Koper Berisi Uang Senilai Rp 2,1 Miliar Milik Mugabe Dicuri dari Rumahnya

Jumat, 11 Januari 2019 16:33 Reporter : Merdeka
Koper Berisi Uang Senilai Rp 2,1 Miliar Milik Mugabe Dicuri dari Rumahnya Presiden Zimbabwe Robert Mugabe. ©telegraph.co.uk

Merdeka.com - Tiga orang yang diduga mencuri sebuah koper milik mantan Presiden Zimbabwe Robert Mugabe menjalani sidang pengadilan hari ini. Koper yang dicuri itu di dalamnya berisi uang tunai senilai USD 150.000, atau setara Rp 2,1 miliar.

Menurut aparat penegak hukum Zimbabwe, para pencuri itu diduga menghabiskan uang tunai tersebut untuk membeli mobil, rumah, dan hewan ternak, seperti dikutip dari BBC, Jumat (11/1).

Salah seorang kerabat Mugabe termasuk di antara ketiga tersangka. Orang itu diduga memiliki kunci rumah Mugabe di Zvimba, dekat Ibu Kota Harare.

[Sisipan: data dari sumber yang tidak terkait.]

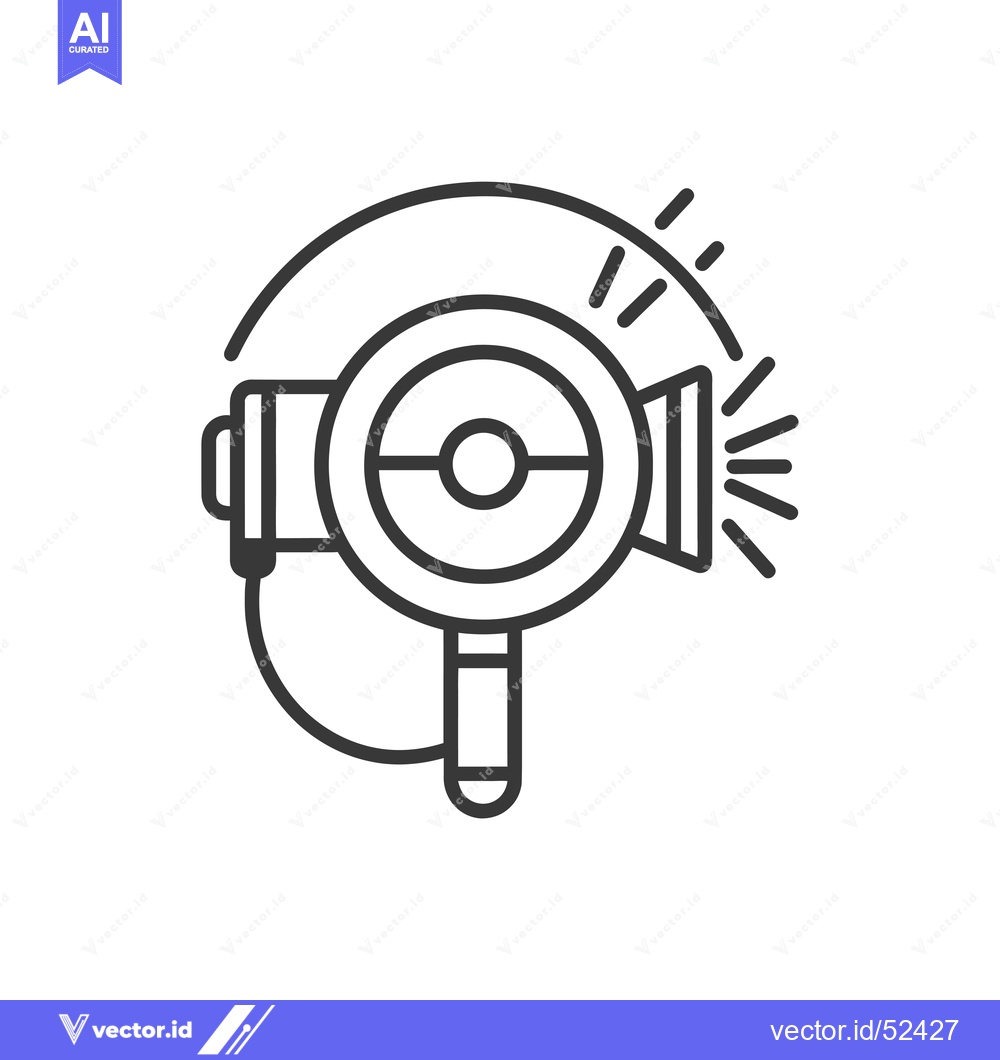 Premium Vector dari Line Art Illustration of a Handheld Searchlight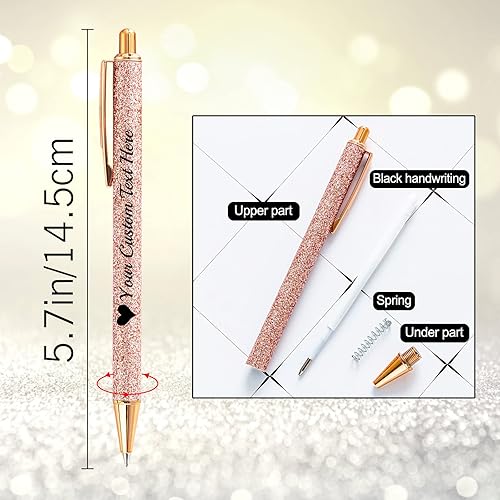 Miniatura 3 de Bolígrafos personalizados con purpurina con nombre a granel, 10 unidades, bolígrafos personalizados con punta de lápiz digital para mujeres y niñas,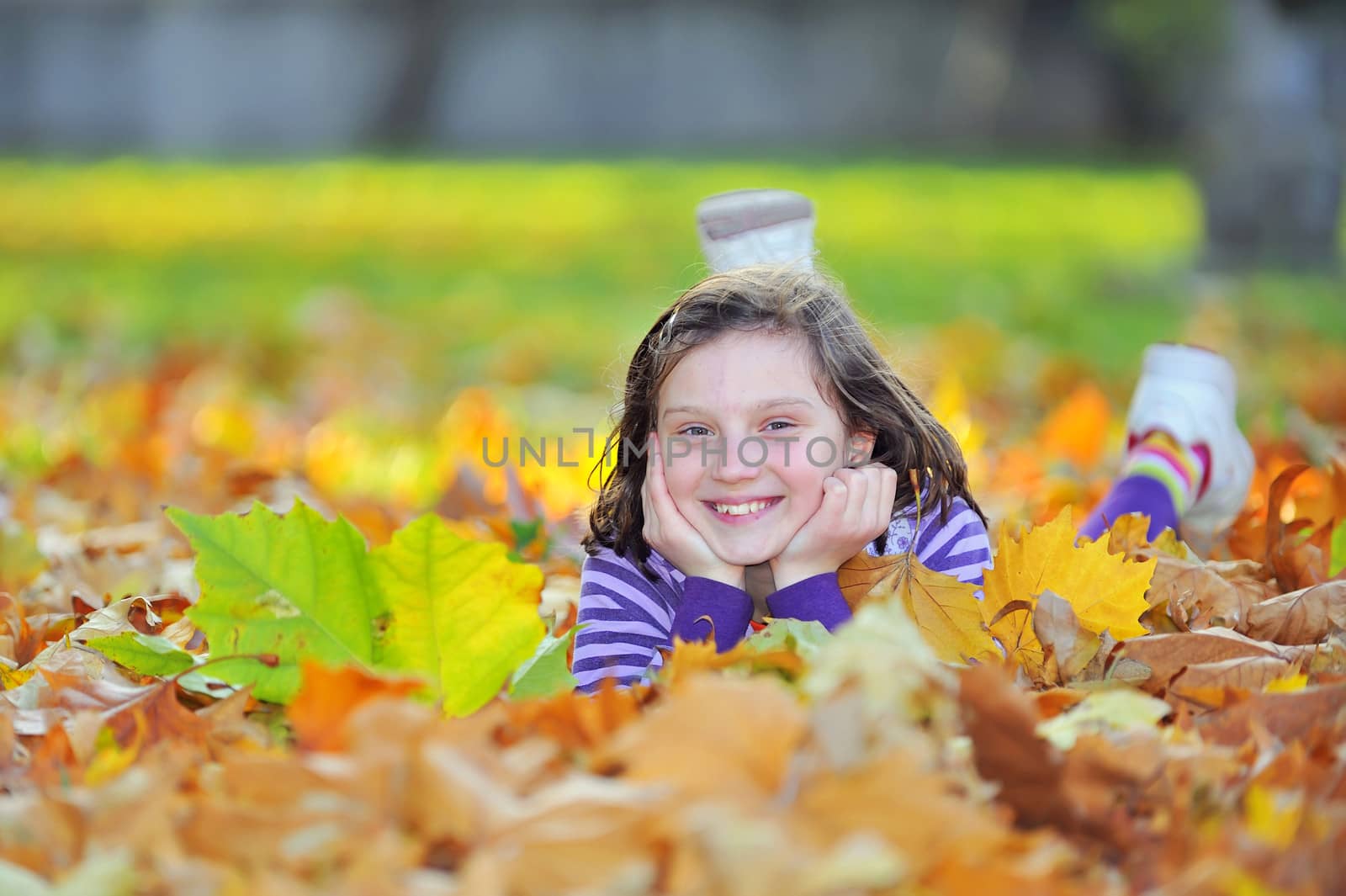 little girl laying on autumn leaves 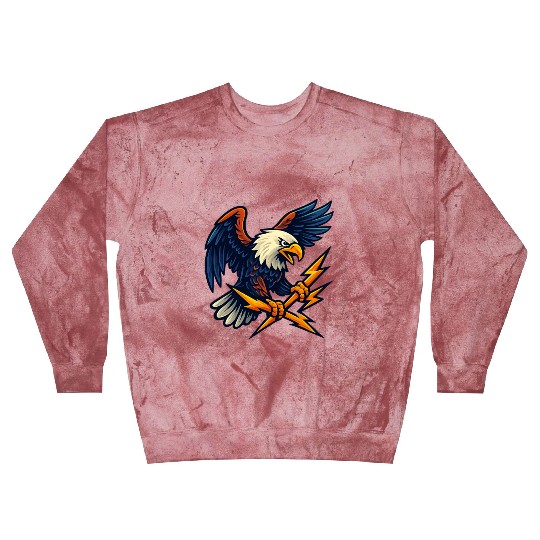 Bald Eagle with Lightning Bolts Blast Sweatshirts Design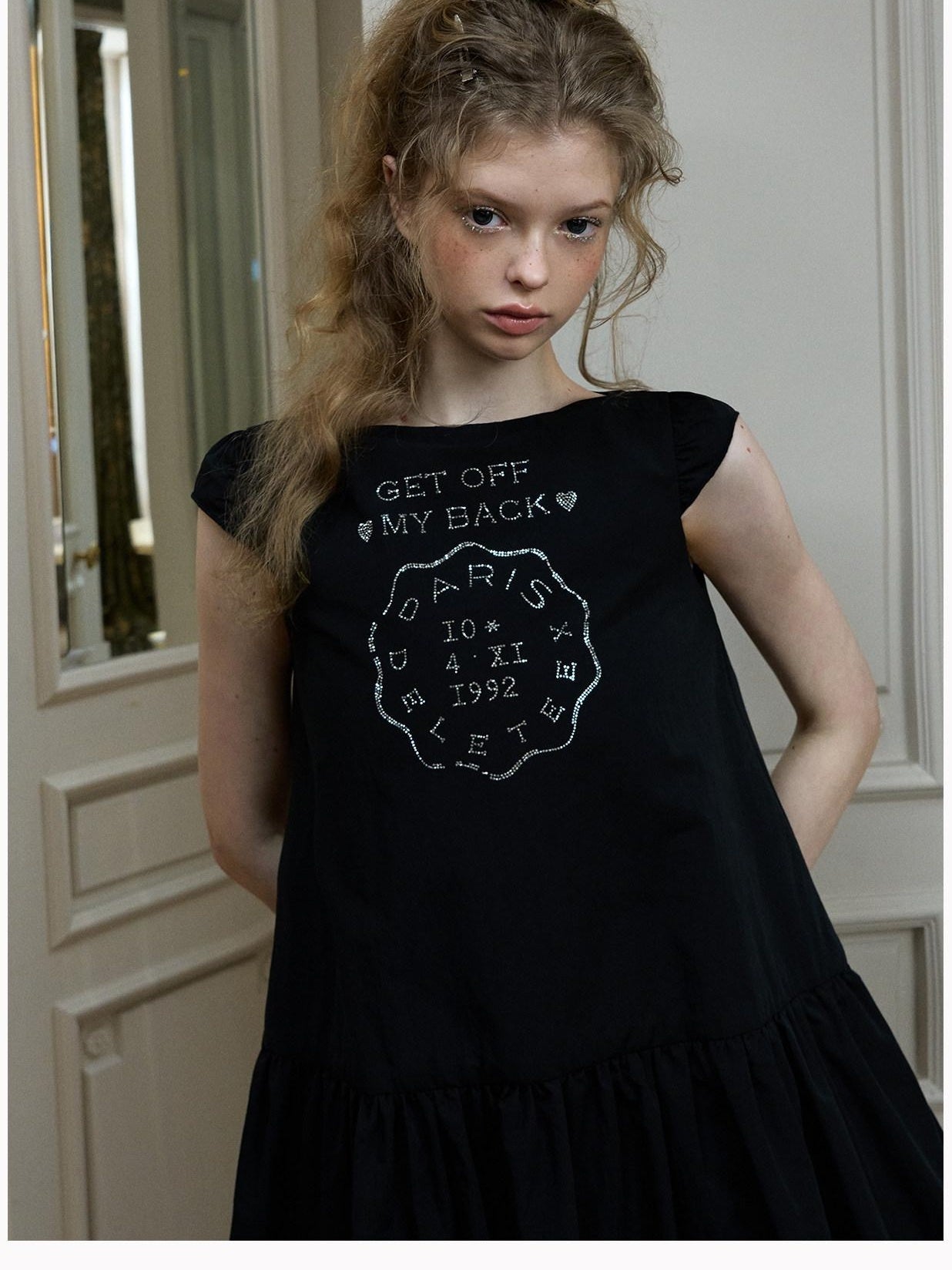 DeleteEx Sweet Flirty Flutter Sleeve Rhinestone Bubble Skirt Date Black Mini Dresses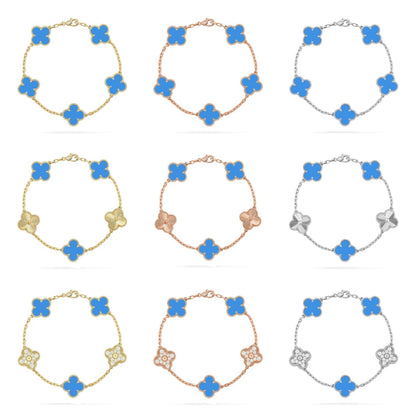 [Clover Jewelry] CLOVER 5 MOTIF BLUE AGATE BRACELET COLLECTION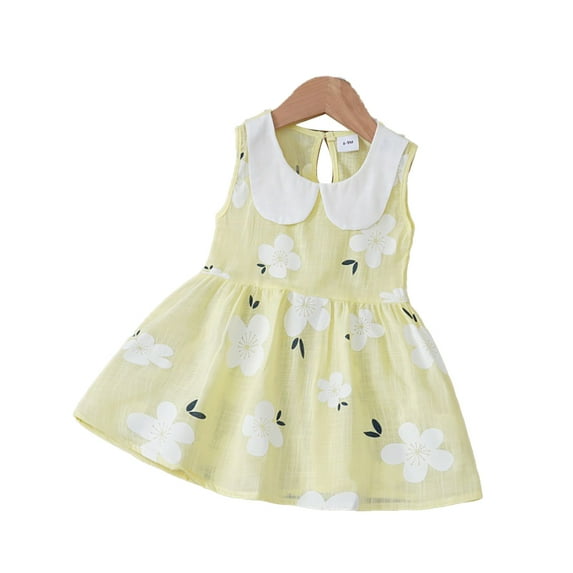 LYMAYTER Kids Girls Cotton Princess Dresses Toddler Printed Short Sleeve Dress Baby Summer Sweet Sundress Dresses for 18 Months -6 Years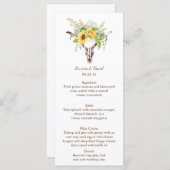 Rustige Waterverf - Zonnebloemen - Menu-kaarten vo Menu (Voorkant / Achterkant)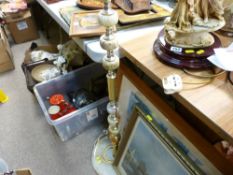 Brass and onyx effect standard lamp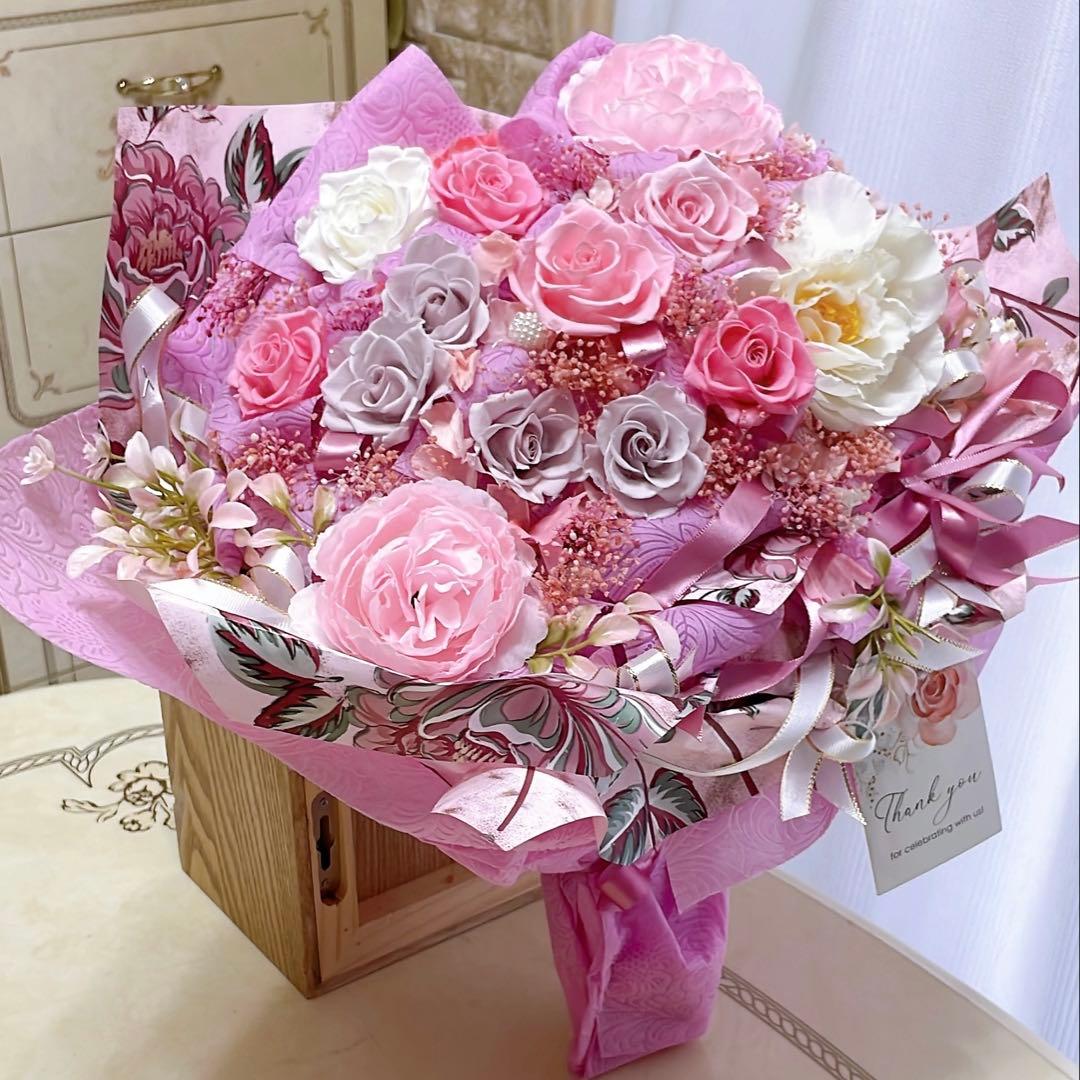 ✨特大✨ボリュームのある花束✨バラプリザ＆アーティフィシャルアレンジメント✨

Dia dituduh memberikan akses ilegal kepada orang asing.

Sementara dua tersangka lainnya, diketahui bekerja sebagai petugas kebersihan. Pencurian itu diduga terjadi antara 1 Desember dan awal Januari.

"Johanne Mapurisa membeli sebuah sedan Toyota Camry dan sebuah rumah seharga USD 20.000 (setara Rp 281 juta) setelah pencurian tersebut," kata Teveraishe Zinyemba, jaksa penuntut umum di pengadilan Chinhoyi.

"Saymore Nhetekwa juga membeli mobil Honda ... dan beberapa hewan ternak, termasuk babi dan sapi, dalam jumlah yang tidak diungkapkan," lanjutnya menjelaskan.

Tidak jelas disebutkan apakah Mugabe ada di rumah pedesaannya saat pencurian terjadi.

Ketiga tersangka telah dibebaskan dengan jaminan, namun kantor berita AFP melaporkan bahwa ada satu pelaku lain yang masih buron. Polisi Zimbabwe masih terus mencarinya.

Robert Mugabe, sekarang berusia 94, dipaksa turun dari jabatan kepresidenan oleh militer Zimbabwe pada 2017 lalu.

Hingga saat itu, ia telah berkuasa selama 37 tahun, pertama sebagai perdana menteri dan kemudian sebagai presiden.

Selain terkenal dengan pernyataan bahwa suatu negara tidak pernah bisa bangkrut, Mugabe juga dituding sengaja menikmati gaya hidup mewah di tengah keruntuhan ekonomi Zimbabwe.

Sementara itu, mata uang dolar Amerika Serikat sangat dihargai di Zimbabwe.

Secara teori, pengeluaran "nota obligasi" bank lokal sama dengan mata uang AS, tetapi pada kenyataannya justru dolar AS lah yang "lebih berkuasa".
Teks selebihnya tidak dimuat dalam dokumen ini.